** INPUT RECORDS follows **

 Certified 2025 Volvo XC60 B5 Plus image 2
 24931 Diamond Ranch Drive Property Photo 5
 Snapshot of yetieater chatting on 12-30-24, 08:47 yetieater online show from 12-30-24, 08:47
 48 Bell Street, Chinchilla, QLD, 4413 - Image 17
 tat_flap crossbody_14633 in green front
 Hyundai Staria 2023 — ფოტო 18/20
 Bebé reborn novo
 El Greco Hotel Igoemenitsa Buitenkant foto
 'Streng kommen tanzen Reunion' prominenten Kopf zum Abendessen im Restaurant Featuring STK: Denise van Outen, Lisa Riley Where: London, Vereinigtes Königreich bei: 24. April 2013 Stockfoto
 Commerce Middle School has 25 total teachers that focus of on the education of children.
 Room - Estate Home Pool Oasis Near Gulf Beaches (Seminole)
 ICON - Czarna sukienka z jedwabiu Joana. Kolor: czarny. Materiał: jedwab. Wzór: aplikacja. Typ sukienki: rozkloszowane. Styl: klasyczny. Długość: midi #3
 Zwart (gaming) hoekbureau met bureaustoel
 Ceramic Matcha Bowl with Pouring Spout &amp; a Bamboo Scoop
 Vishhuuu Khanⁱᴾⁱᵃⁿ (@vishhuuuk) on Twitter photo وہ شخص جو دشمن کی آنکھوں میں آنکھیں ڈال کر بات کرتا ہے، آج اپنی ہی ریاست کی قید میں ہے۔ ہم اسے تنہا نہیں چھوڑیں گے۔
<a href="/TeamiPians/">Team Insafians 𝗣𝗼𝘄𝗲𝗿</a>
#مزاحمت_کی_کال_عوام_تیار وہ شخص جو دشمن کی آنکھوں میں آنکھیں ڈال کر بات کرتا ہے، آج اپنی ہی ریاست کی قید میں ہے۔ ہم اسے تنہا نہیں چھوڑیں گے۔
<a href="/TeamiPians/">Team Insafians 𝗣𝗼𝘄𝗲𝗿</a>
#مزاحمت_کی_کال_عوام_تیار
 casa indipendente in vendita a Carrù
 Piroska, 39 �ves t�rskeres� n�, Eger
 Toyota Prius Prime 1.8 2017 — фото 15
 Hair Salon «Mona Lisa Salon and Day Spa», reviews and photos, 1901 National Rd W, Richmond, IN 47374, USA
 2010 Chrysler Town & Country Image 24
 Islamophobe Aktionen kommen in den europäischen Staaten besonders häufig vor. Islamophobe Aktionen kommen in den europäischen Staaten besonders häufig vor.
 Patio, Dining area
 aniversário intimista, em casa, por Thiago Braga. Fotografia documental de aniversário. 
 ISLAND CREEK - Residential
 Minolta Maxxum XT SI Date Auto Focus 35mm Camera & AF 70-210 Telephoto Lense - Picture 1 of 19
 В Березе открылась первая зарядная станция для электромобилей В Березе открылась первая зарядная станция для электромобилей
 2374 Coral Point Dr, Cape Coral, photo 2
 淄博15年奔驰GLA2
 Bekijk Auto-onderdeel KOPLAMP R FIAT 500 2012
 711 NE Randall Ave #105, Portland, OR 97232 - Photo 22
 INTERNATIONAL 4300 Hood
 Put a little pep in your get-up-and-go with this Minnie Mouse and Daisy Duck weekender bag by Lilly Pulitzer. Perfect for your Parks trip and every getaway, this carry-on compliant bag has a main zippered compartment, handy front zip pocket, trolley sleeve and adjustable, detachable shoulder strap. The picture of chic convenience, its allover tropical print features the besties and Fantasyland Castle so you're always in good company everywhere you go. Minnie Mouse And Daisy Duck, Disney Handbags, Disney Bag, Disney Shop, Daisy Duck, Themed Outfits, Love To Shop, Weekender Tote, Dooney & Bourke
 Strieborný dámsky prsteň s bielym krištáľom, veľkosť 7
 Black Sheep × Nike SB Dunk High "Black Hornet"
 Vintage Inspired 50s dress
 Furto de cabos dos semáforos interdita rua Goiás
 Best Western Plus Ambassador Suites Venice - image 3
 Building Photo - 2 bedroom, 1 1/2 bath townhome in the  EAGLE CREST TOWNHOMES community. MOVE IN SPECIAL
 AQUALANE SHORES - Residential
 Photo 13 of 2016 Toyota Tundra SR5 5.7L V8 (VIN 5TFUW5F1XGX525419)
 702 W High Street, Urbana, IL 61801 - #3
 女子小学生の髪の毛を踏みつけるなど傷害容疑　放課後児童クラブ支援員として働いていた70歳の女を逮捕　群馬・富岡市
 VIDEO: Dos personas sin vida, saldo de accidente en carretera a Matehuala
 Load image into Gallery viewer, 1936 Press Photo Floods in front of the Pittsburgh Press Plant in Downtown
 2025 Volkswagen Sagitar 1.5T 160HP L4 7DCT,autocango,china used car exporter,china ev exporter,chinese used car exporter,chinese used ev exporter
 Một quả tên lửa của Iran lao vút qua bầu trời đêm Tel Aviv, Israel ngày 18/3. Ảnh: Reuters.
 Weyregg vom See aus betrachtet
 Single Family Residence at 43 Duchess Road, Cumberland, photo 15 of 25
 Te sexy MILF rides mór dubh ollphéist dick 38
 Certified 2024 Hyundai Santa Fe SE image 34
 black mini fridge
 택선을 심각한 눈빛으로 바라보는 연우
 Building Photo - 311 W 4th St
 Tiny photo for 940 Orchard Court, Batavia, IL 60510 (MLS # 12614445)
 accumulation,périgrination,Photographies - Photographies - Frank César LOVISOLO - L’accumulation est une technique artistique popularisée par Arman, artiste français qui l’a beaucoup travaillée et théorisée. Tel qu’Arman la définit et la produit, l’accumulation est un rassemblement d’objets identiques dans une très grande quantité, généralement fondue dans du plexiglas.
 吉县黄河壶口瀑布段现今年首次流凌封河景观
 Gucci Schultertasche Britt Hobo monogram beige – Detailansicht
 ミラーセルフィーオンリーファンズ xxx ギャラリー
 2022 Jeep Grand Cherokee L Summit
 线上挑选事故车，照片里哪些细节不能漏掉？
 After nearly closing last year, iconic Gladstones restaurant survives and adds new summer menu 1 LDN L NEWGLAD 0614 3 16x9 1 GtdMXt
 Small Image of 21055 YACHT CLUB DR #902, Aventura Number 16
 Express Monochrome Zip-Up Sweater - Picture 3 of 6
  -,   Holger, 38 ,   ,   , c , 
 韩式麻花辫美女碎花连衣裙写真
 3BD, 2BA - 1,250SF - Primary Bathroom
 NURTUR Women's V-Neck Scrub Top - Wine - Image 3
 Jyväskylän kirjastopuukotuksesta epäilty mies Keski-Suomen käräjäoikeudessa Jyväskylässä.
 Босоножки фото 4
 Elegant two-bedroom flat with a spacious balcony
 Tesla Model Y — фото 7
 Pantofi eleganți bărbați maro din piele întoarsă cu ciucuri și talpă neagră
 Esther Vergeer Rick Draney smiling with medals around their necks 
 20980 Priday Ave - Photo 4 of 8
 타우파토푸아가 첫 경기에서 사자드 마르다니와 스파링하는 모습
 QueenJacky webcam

** End of INPUT RECORDS **

Scan the records above for the string "Street", then select every line that holds it.

→ **REPLY**
 48 Bell Street, Chinchilla, QLD, 4413 - Image 17
 702 W High Street, Urbana, IL 61801 - #3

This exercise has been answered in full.